Контраст с доступностью материалов, освещающих события периода до 1939 г., поистине печален. Великой европейской державы Австро-Венгрии больше не существует. Из оставшихся пяти три до последнего времени не обнародовали ни строчки, ни предложения из своих архивов. Итальянцы начали наверстывать упущенное: они уже опубликовали документы за период с 22 мая 1939 г. до начала войны, а со временем обойдут всех остальных, обнародовав документы с 1861 г. Позиции Франции и России по-прежнему совершенно не объяснены материалами из их архивов. У французов хотя бы есть частичное оправдание. Бóльшую часть французских документов с 1933 по 1939 г. сожгли 16 мая 1940 г. при поступлении известия о прорыве немецких войск под Седаном. Дубликаты сейчас кропотливо собираются по французским представительствам за рубежом. О причинах молчания Советского Союза, как и обо всем, что касается советской политики, остается только гадать. Может, советское правительство скрывает что-нибудь особенно предосудительное? Может, оно предпочитает не выставлять свои действия, какими бы давними они ни были, на всеобщее обозрение? Может, у них вообще нет никаких документов – комиссариат иностранных дел в силу своей некомпетентности их просто не составлял? Или же советское правительство выучило урок множества прошлых споров на исторические темы: единственный надежный способ отстоять свою версию – никогда не предъявлять доказательств в ее поддержку? Но по каким бы причинам ни хранили молчание три великие державы, в поисках непрерывных сведений о дипломатических сношениях между войнами мы в итоге можем обращаться лишь к немецким и британским документам, из-за чего создается ложное впечатление, будто международные отношения в межвоенный период сводились к диалогу между Германией и Британией.

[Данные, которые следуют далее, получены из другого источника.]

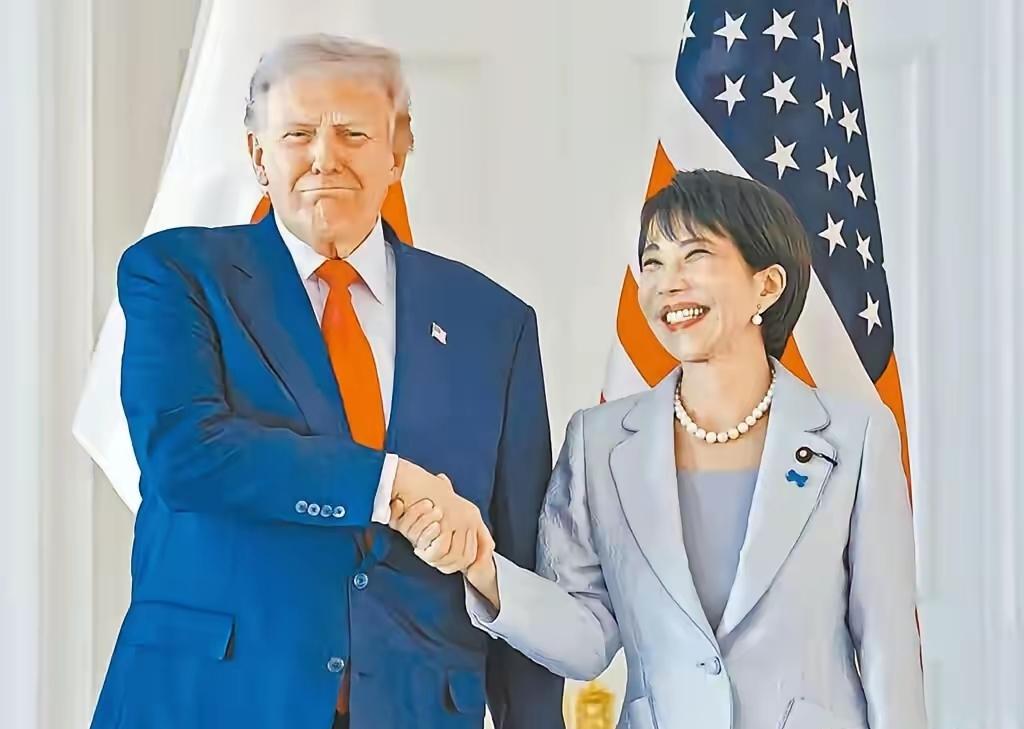 高市早苗在白宫的表现是日本崇美媚美的缩影。面对亚洲时，日本右翼是狂吠的恶犬。面对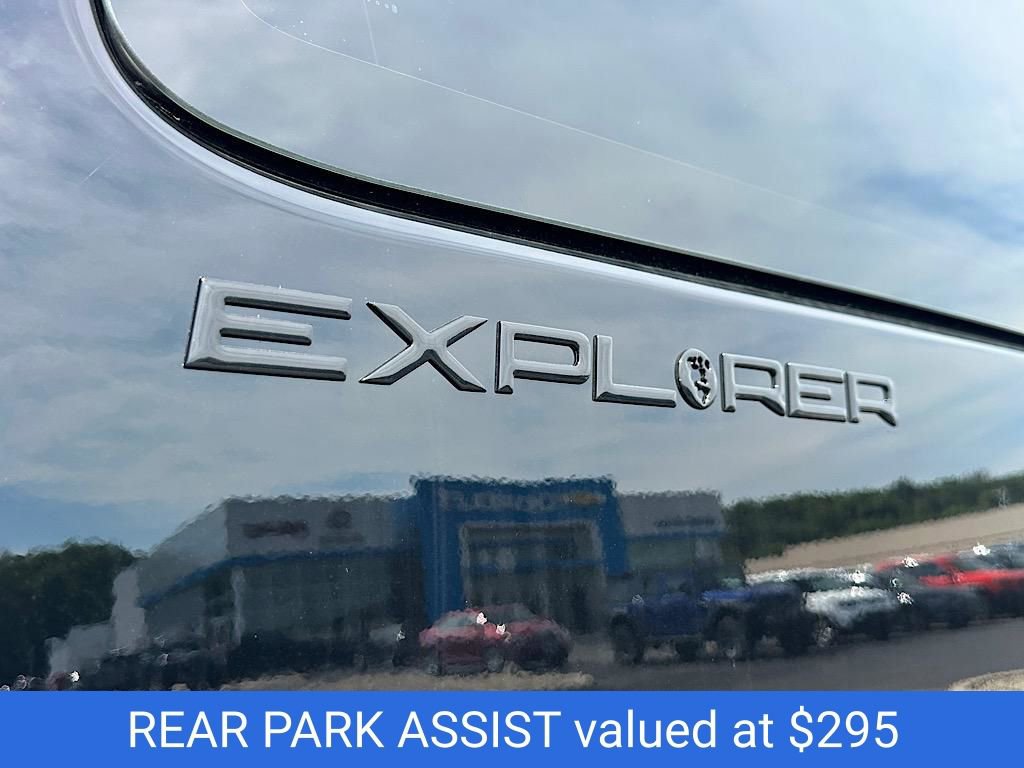 New 2025 Chevrolet Express 2500 w/ Driver Convenience Package image 9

Но и здесь объем материалов уступает периоду до 1914 г. В 1945-м союзники изъяли немецкие архивы; документы с 1918 по 1945 г. первоначально планировалось издать полностью. Позже по соображениям экономии решили ограничиться периодом с прихода Гитлера к власти в 1933 г. Но и этот план не доведен до конца: между 1935 и 1937 гг. все еще зияет провал. Сейчас архивы вернули немецкому правительству в Бонне, что может привести к дальнейшим проволочкам. Более того, редакторы проекта, граждане стран-союзниц, при всей своей добросовестности по ассоциации разделяли точку зрения Нюрнбергского трибунала на вопрос ответственности за развязывание войны. Дополнительно дело осложнялось тем, что немецкое министерство иностранных дел, которое и вело записи, часто заявляло, будто работало против Гитлера, а не от его имени; так что мы не можем быть до конца уверены, что какой-нибудь конкретный документ описывает реальную позицию, а не сфабрикован, чтобы обелять его автора. Британские публикации со временем полностью охватят период с подписания Версальского мира до начала войны в 1939 г. Но это дело не быстрое. Пока что у нас нет практически ничего за 1920-е гг.; еще одно белое пятно охватывает промежуток с середины 1934-го до марта 1938 г. Содержание изданных томов ограничивается британской политикой как она осуществлялась. Ее мотивов они не раскрывают – в отличие от томов, посвященных периоду до начала Первой мировой войны, где такие попытки предпринимались. Опубликовано буквально несколько стенографических отчетов, освещающих ход дискуссий в министерстве иностранных дел, а протоколов совещаний кабинета министров нет вовсе, хотя ни для кого не секрет, что премьер-министр и кабинет в то время играли роль бóльшую, а министерство иностранных дел – меньшую, чем в предшествующий период.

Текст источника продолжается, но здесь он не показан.